▶ _REQUIREMENT_
Using the data below, set down every line from the one containing "I'm Booked For" through the one containing "Birchwood Casey Dirty", inclusive and unchanged. Pictures are to be skipped.
*** Opening DATA FOR THE TASK ***
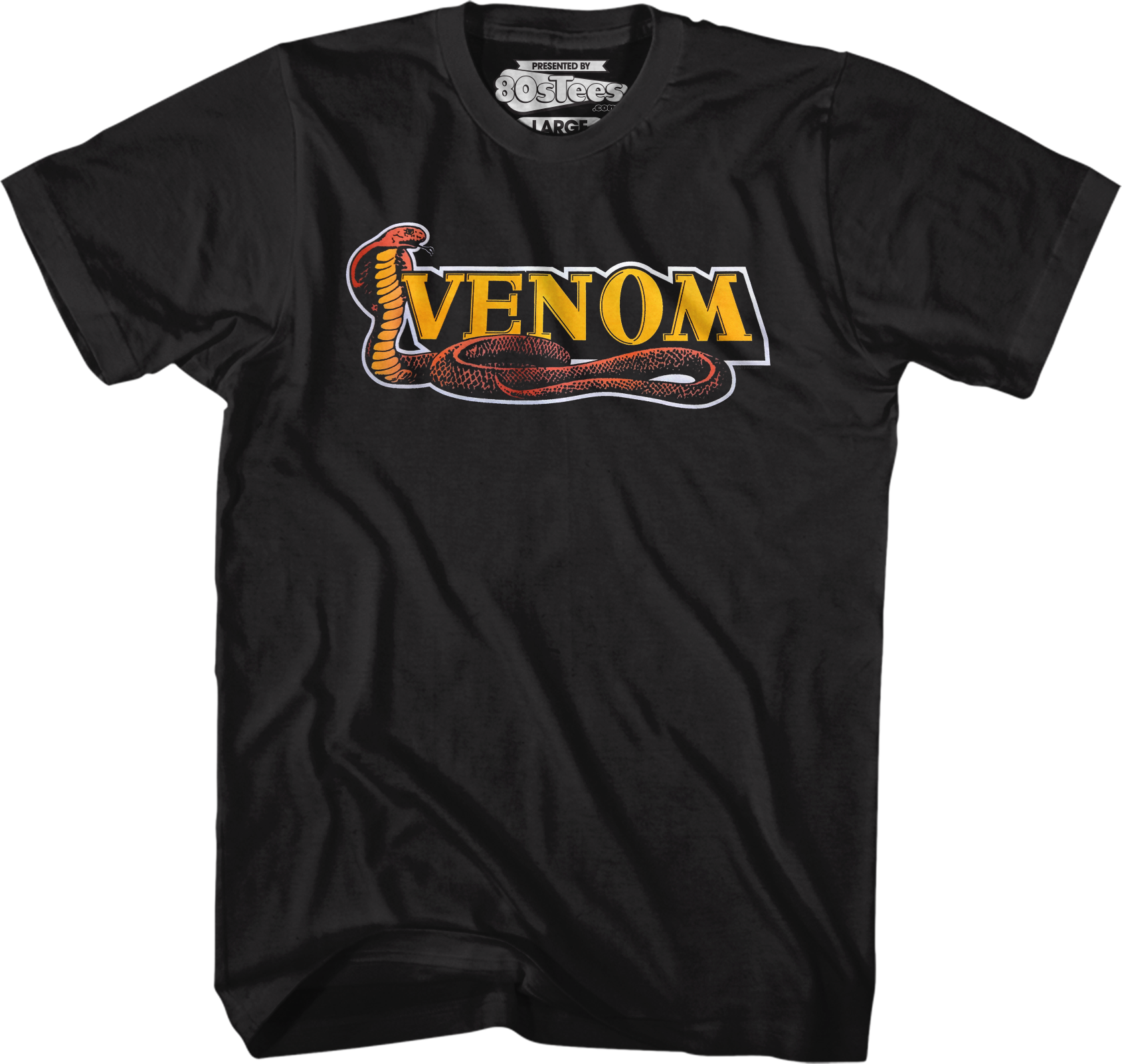 Retro VENOM Logo MASK T-Shirt Hoodie, Sweatshirt | CiraTrend.com (Image 1)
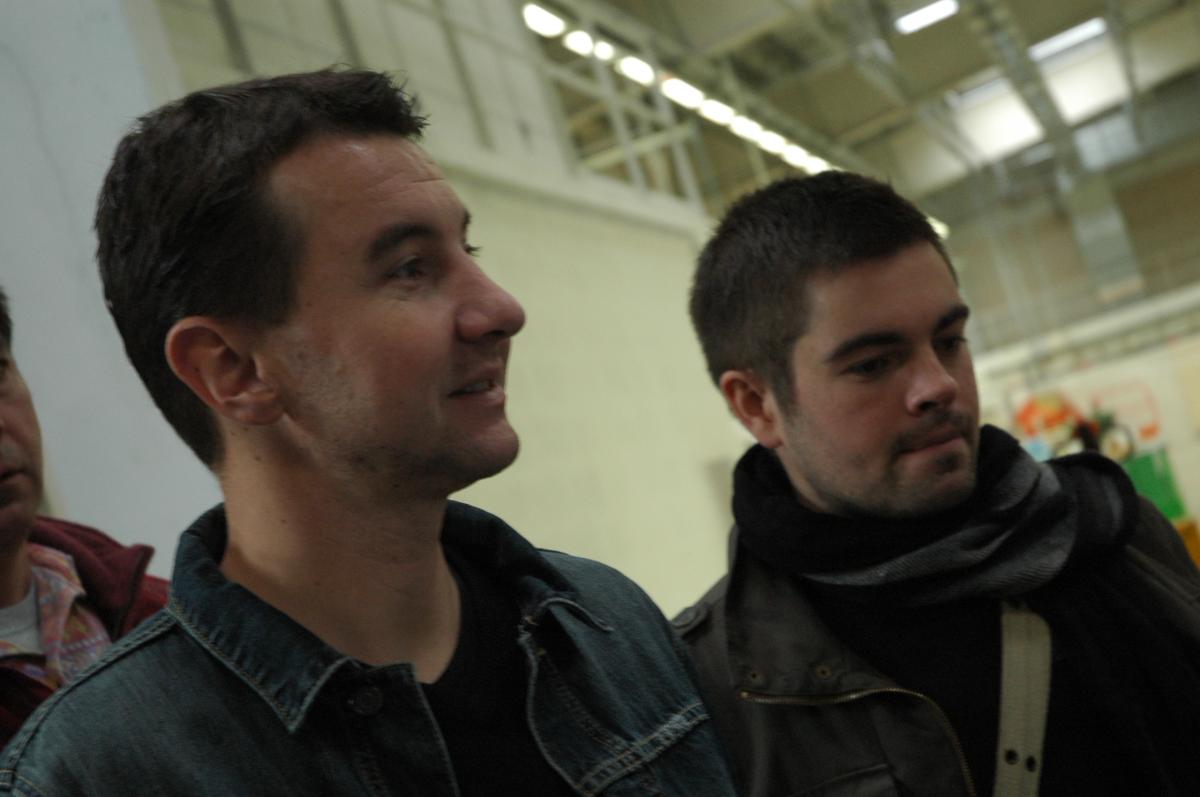 Olivier Besancenot soutien les salariés de l'Imprimerie Nationale.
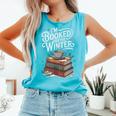 I'm Booked For The Winter Book Lover Comfort Colors Tank Top Light Green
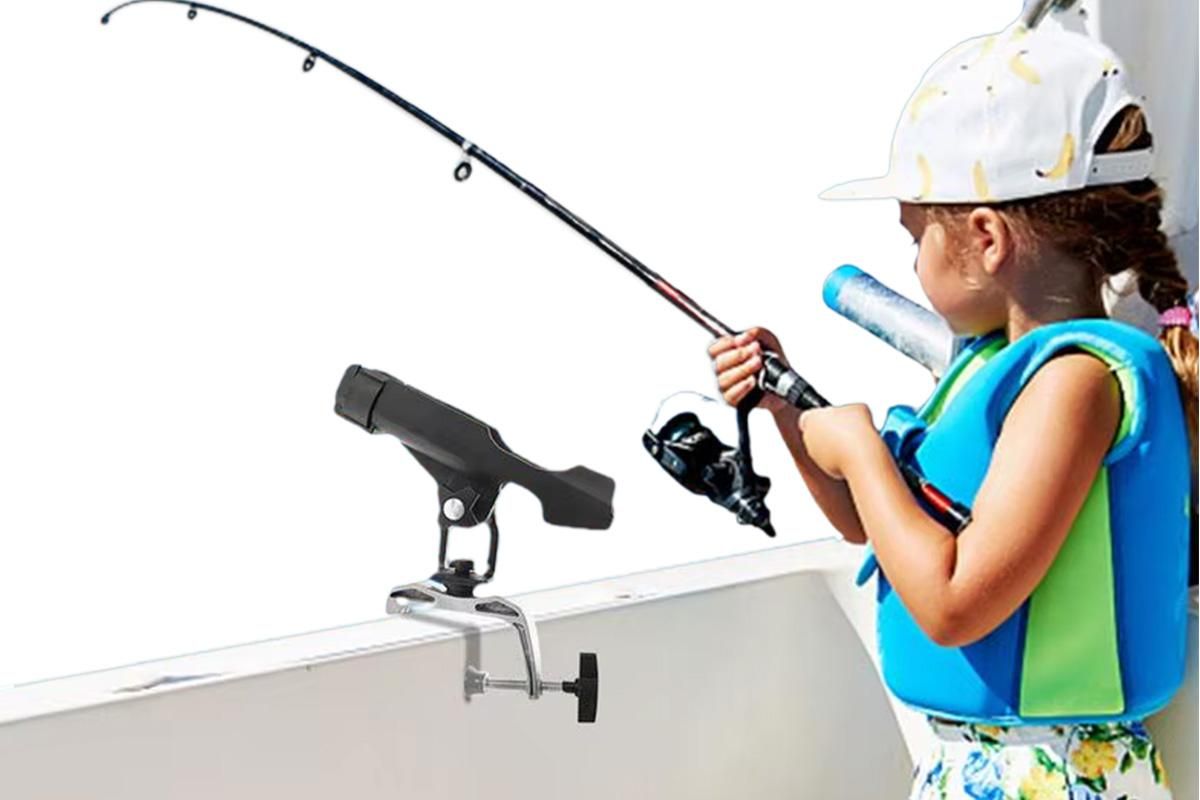 360 Degrees Rotatable Fishing Rod Holders For Boat Side Rails Fishing Accessories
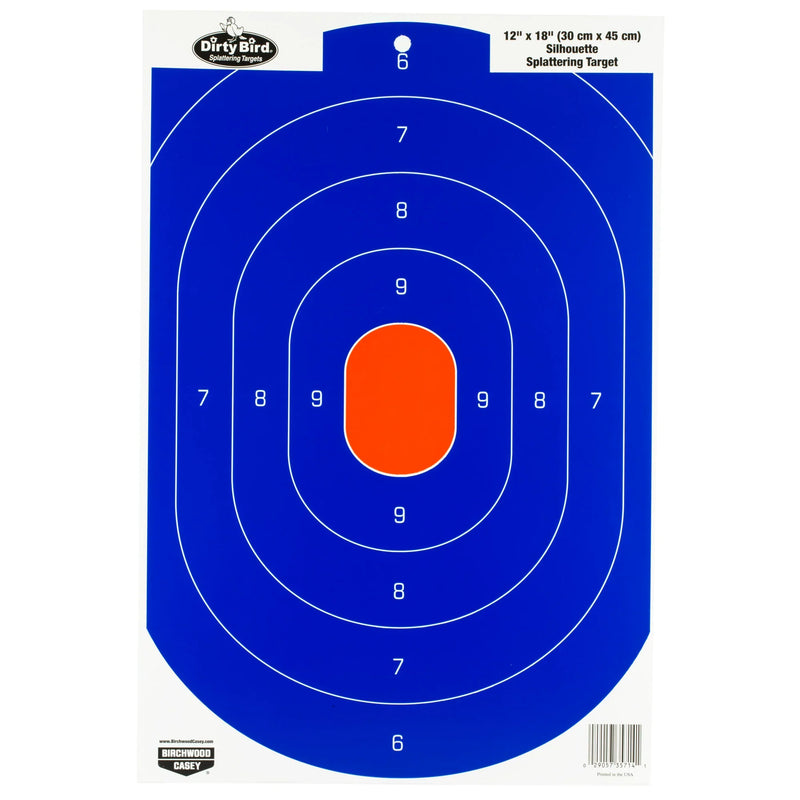 Birchwood Casey Dirty Bird Black/Orange Silhouette Target 8-Pack - Hoplite Armor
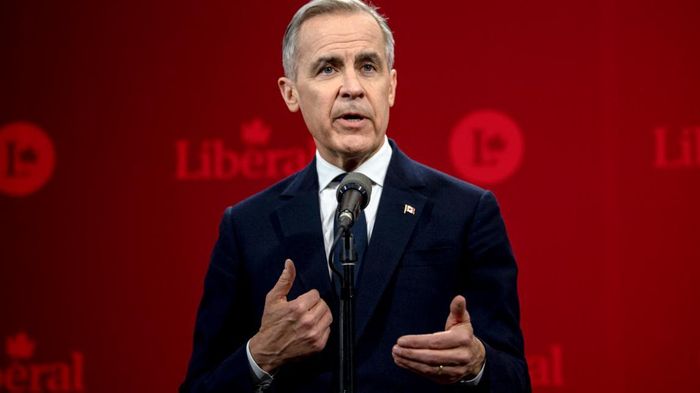Ông Mark Carney trở thành tân lãnh đạo Đảng Tự do, thay thế Thủ tướng Justin Trudeau. Ảnh: AFP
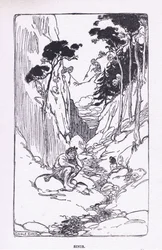 Sinis, du livre The Heroes publié par George Allen and Unwin 1929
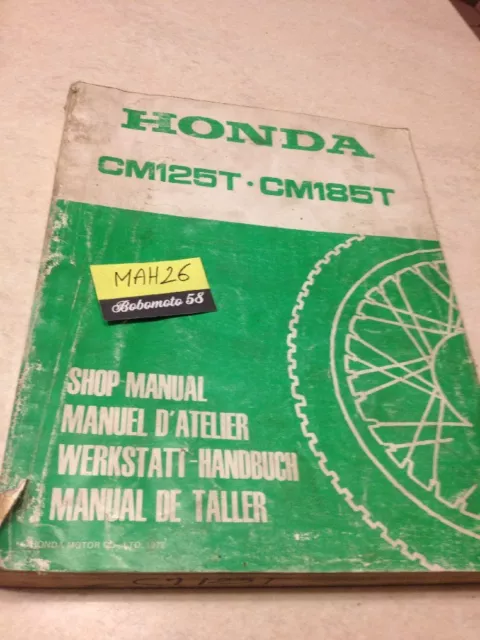 Honda CM125T CM185T CMT 125 185 CM125 CM185 T manuel revue technique atelier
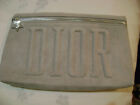 DIOR Beauty Logo GREY DIOR Makeup Bag Clutch Pouch SUEDE LIKE MATERIAL 10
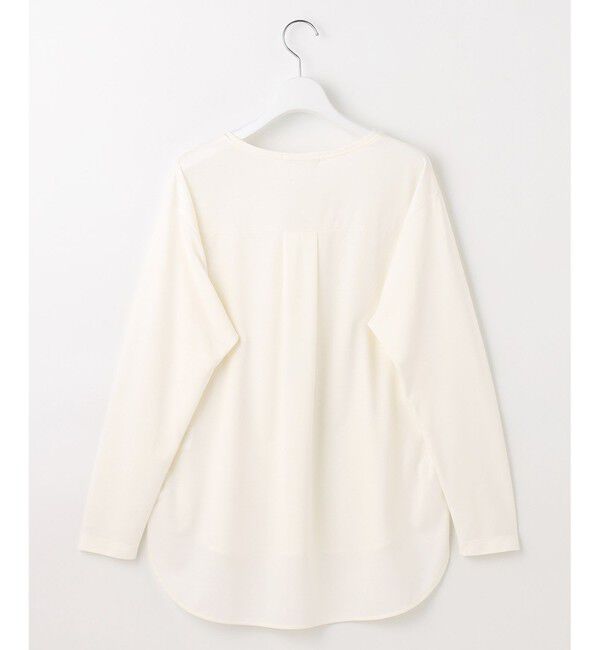自由区「ブラウスライクジャージー カットソー」|Tシャツ・カットソー|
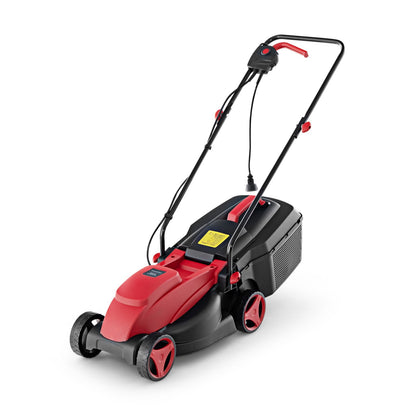 12-AMP 13.5 Inch Adjustable Electric Corded Lawn Mower with Collection Box, Red Lawn Care Tools   at Gallery Canada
*** Closing DATA FOR THE TASK ***
▶ _SOLVED PROBLEM_
 I'm Booked For The Winter Book Lover Comfort Colors Tank Top Light Green
 360 Degrees Rotatable Fishing Rod Holders For Boat Side Rails Fishing Accessories
 Birchwood Casey Dirty Bird Black/Orange Silhouette Target 8-Pack - Hoplite Armor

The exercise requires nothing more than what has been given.